Given the massive scale of our undertaking and the variety of experts involved in linking Careem and Uber, documentation served as a bridge between various teams. Through careful documentation, the communications needs of core services —and, later, the Marketing organization— became clear.

With partners across time zones, documenting each other’s insights and resulting decisions also lifted a dependency on redundant, oddly-timed meetings.

Invitation of Critique

Concrete steps were taken to assemble a detailed User Acceptance Testing (UAT) Plan following our initial launch in Bahrain, but feedback was solicited all along. Though trials with end-users were premature for a time, internally verifying whether one group’s designs were digestible to another was a common avenue of testing.

Sometimes, critique came even before invited!

Expanded Breadth

My knowledge on Voice Anonymization could still stand to grow, but today, there is less growth needed than there was in 2024, when our mandate was to anonymize voices of callers in search of support.

To achieve this outcome and others within our integration, I, like many colleagues, confronted knowledge gaps proactively.
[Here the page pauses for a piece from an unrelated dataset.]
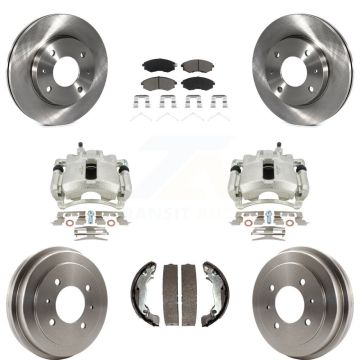 Front Rear Disc Brake Caliper Rotors Drums Ceramic Pads Kit (8Pc) For Hyundai Elantra KC8-100809C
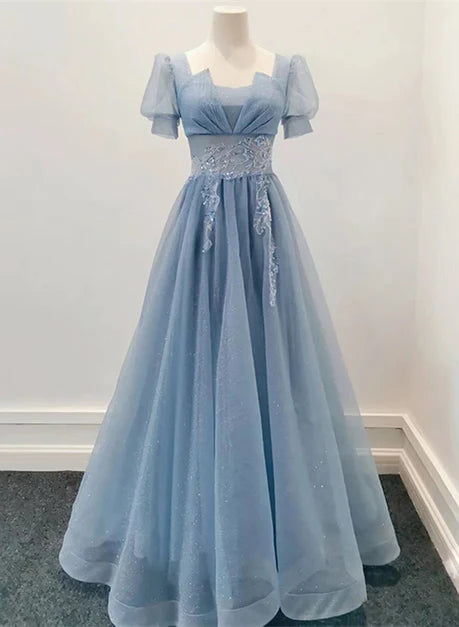 Robe de soirée longue à manches courtes en tulle brillant bleu, robe de bal trapèze bleue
Awareness that a wider base of knowledge enables more substantial contributions propelled us.

Results

We went live!

With ample messaging beforehand, a pilot, which allowed Careem Riders to be paired with Uber Drivers on each user’s native application, was launched in January 2025 in Bahrain. Both parties communicate with each other across applications and were expected not to sense an impact from the integration.

UAT is ongoing (as of late 2025; now outside of my purview), and a robust schedule of market launches to follow Bahrain has been created.